If you can see a friend’s eyes in a mirror, they can see you!

Light bounces off a mirror’s reflective surface much like a ball bouncing off a hard surface. The angle at which it approaches is the angle at which it leaves.
To see yourself in a flat mirror, you need to stand directly in front of it. If you move to the side, light that bounces off you will hit the mirror at an angle and be reflected to someone who is standing at the other side of the mirror. So that person will see your reflection, while you see theirs!

The corner mirror in this exhibit is made of three mirrors that are all perpendicular to each other. Light first bounces off one mirror at the same angle at which it approached. It then hits a second mirror that is oriented at 90 degrees to the first mirror. This mirror serves to redirect the light back to its source along a path that is parallel to the original light beam. The net effect is that light is reflected off these mirrors and returned to its source. This type of mirror is also known as a retro-reflector.

Finding the science in your world

Bicycle reflectors are composed of many tiny corner reflectors that bounce the light from car headlights back into the driver’s eyes. A cyclist’s retro-reflector will beam light back at its source, but the cone of return is quite narrow. A driver sitting in a tall truck, bus or van will not see much of the reflected light, as they are seated too far above their headlights. This is why cyclists should use rear lights as well as rear reflectors.

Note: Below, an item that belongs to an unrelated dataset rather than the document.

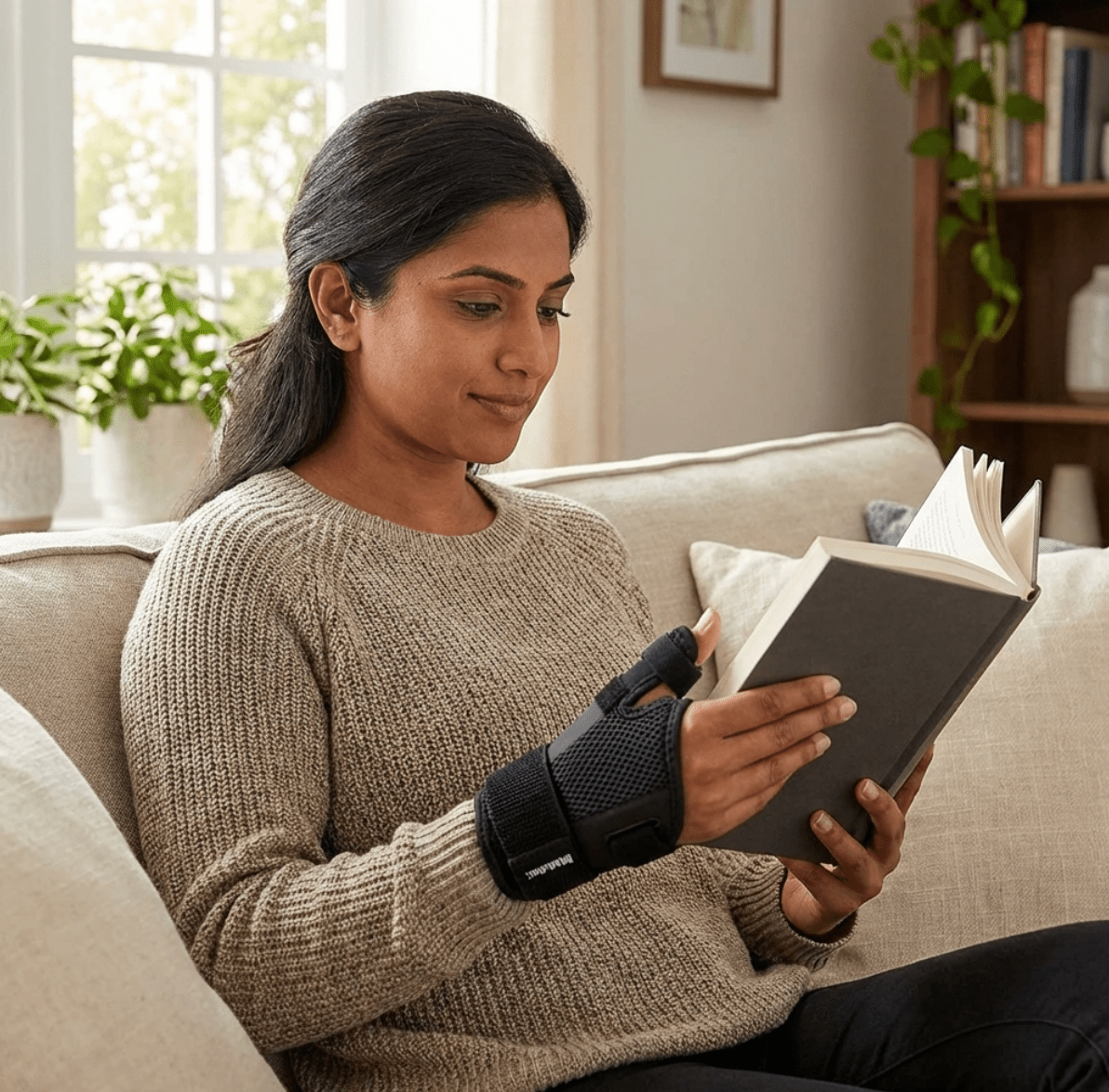 Provides firm support for injured or painful thumbs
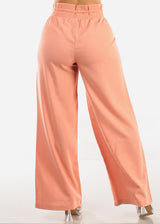 High Elastic Waist Wide Leg Linen Pants Rose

NASA uses a retro-reflector on the moon to track its distance from Earth in the Lunar Laser Ranging Experiment. Scientists time how long a laser beam takes to travel to the moon and back and use this to calculate the moon’s distance (average is 384,467 km).

Radar reflectors are also mounted on sailing boats. These reflect radio signals from other boats, helping sailors detect each other when visibility is low.

Have you heard of the Venus Effect? The phrase comes from paintings of the goddess Venus who is looking into a mirror. People assume that Venus is admiring herself even though her face is pointed directly at the viewer of the painting, meaning that she is actually staring at the viewer instead!

This is often used in movies. The actor appears to be looking at themselves in the mirror, but if we can see the actor’s reflection, they can actually see the camera’s reflection instead!